One day before the start of the study, ammonium perchlorate stock concentrate (50 g/L) was made up in dechlorinated local tap water (filtered to 10 μm, maintained at 25 ± 2°C). The stock was renewed at 11-day intervals. Typical water quality parameters were hardness, 44.7–49.3 mg/L; free chlorine, < 2.0 μg/L; calcium, 14.1 mg/L; sodium, 28.6 mg/L; potassium, 1.43 mg/L; aluminum, 4.73 μg/L; iron, < 3.0 μg/L; lead, < 2.0 μg/L. Test solutions (nominal concentrations of ammonium perchlorate, 0, 1, 10, and 100 mg/L) were made from the stock concentrate by dilution in dechlorinated water.
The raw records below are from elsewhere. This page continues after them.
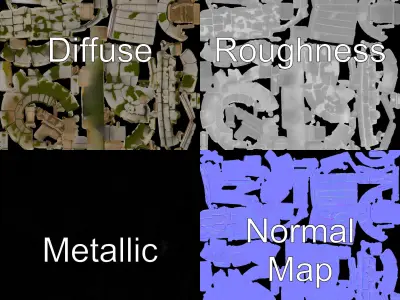 Rustic Stone Wishing Well Model Pack Low-poly 3D model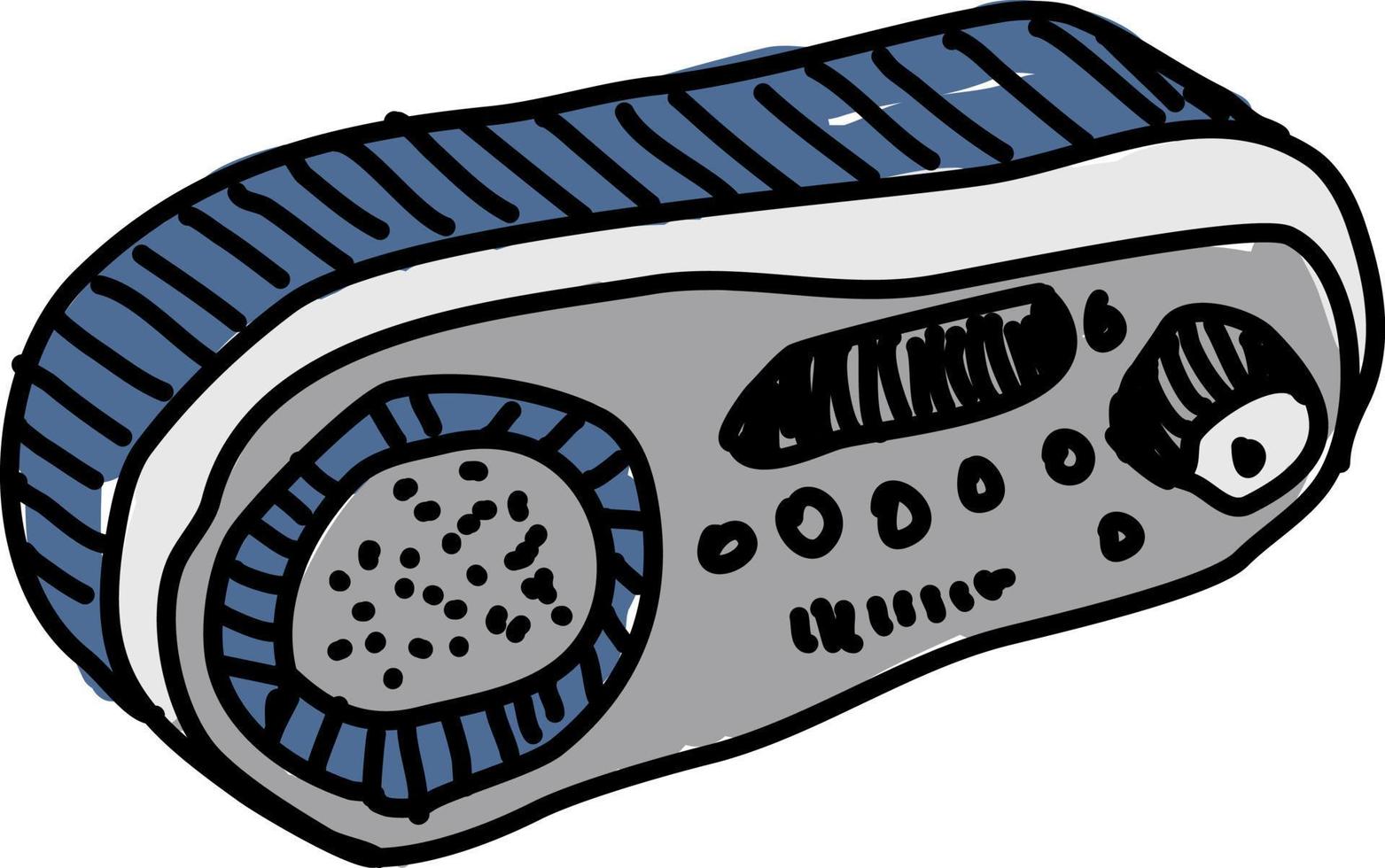 Blue radio, illustration, vector on white background.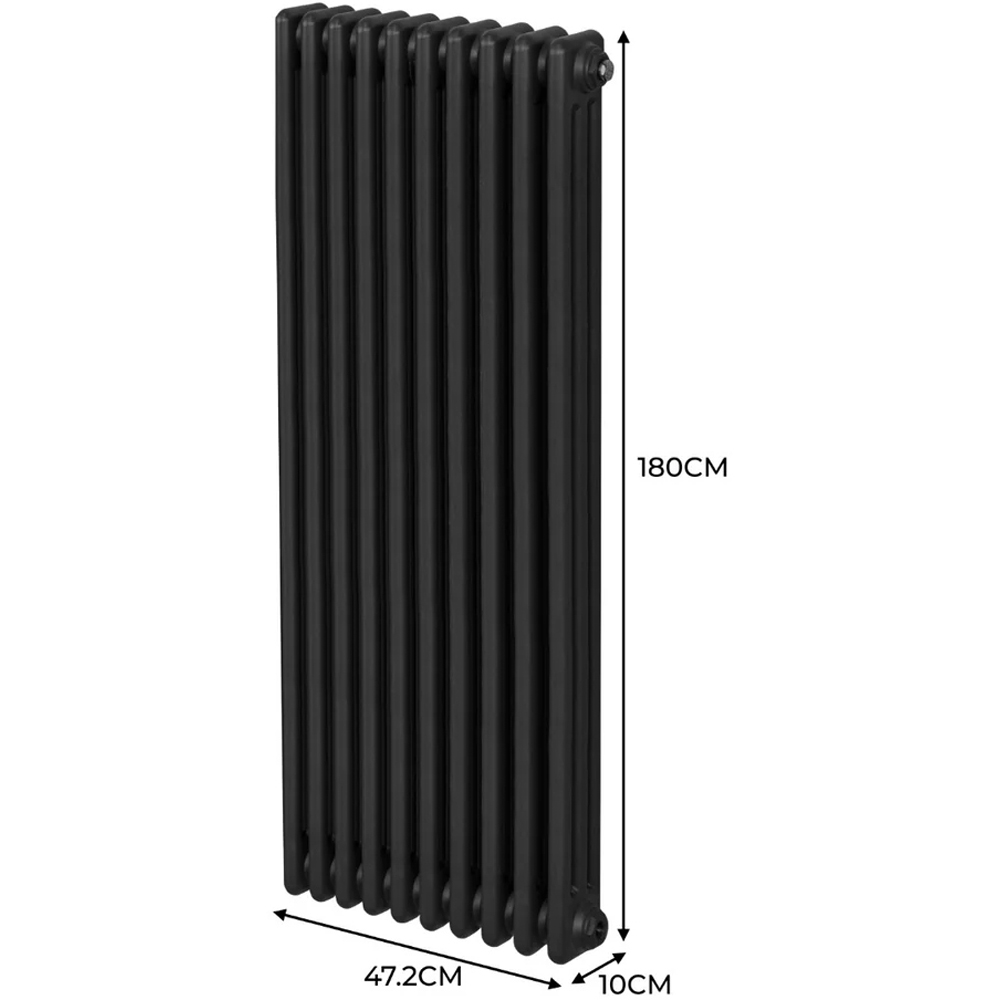 Monster Shop 6596 BTU Black Traditional 3 Column Radiator 1800 x 472mm Image 6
Test and control solutions were renewed on study day 5 (principal hatch day) and then three times per week thereafter.
Embryo selection, maintenance, and exposure.
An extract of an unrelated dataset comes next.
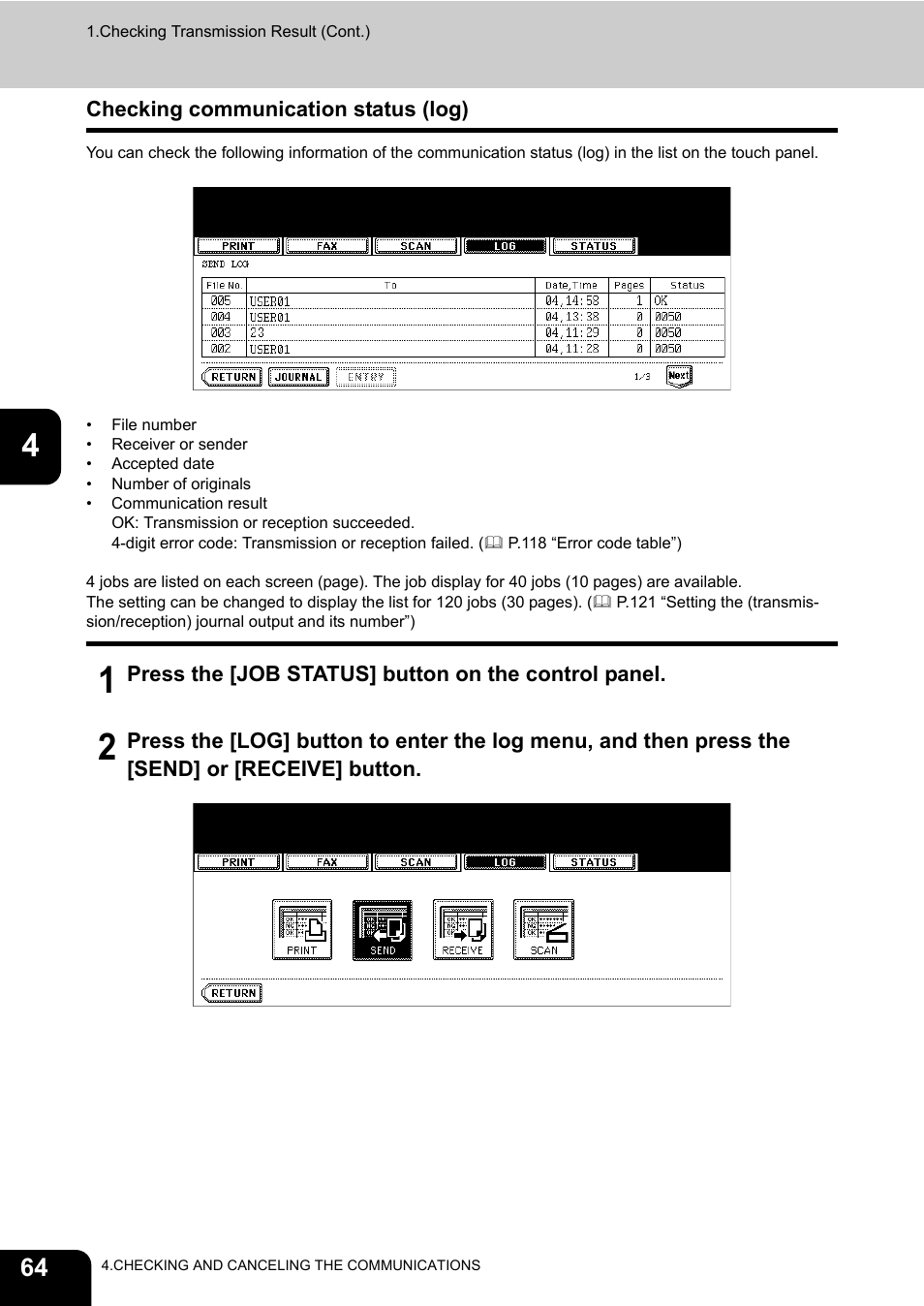 Checking communication status (log) | Oki CX 1145 MFP User Manual | Page 65 / 177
On day 0, fathead minnow embryos (n = 240) at blastula and morula developmental stages were gathered from mating tiles in the husbandry unit at Brixham Environmental Laboratory. Healthy embryos were selected, in batches of five, under a dissection microscope and randomly assigned to incubation cups, until each contained 10 embryos. Incubation cups were hung on oscillating incubation units over the fish tanks, maintaining the embryos constantly moving up and down through the test water at 2 cycles/min. There were two egg cups per tank, each containing a total of 10 embryos (20 embryos per tank), and a total of 60 embryos per exposure concentration, in triplicate. Embryos were inspected on a daily basis, and dead ones were removed. Most of the larvae hatched on study day 5 and were transferred to new test solution.
Maintenance of fry.
From posthatch day 0 to day 6, larvae were fed a suspension of rotifers (3,000 rotifers/mL; 2 mL three times per day on Monday–Friday and twice per day on weekends). On posthatch day 7, larvae were fed Artemia nauplii as well as rotifers. During posthatch days 8–15, fry were fed Artemia only, three times per day, and then from posthatch day 16 to the end of the study fry were fed Artemia twice per day and ground pellets (Ecostart 17; Biomar, Grangemouth, Scotland) once per day.
Sampling regime.
On study day 28, fish were sacrificed between 06:00 and 10:00 hr by immersion in a lethal dose of neutrally buffered ethyl 3-amino-benzoate methane sulfonate (MS222). Each fish was measured using digital calipers to determine standard length, weighed, and then snap frozen on dry ice. From each exposure concentration, 20 fish were sampled for whole-body thyroid hormone analyses, and a further 10 fish in each exposure group were fixed by immersion in 10% phosphate-buffered formalin for histologic examination of thyroid follicles, taking fish with an even distribution between the triplicate tanks. Fish for thyroid hormone assays were held at −80°C until analysis.
Histology.
Whole fish (n = 5) fixed in formalin were decalcified for 14 days in 5% formic acid in 5% formaldehyde. Fish were wax embedded and serially sectioned (6 μm) through all the thyroid follicles. Each follicle in each fish (5–13 follicles/fish) was traced through its entirety, and epithelial cell height was measured at the largest point.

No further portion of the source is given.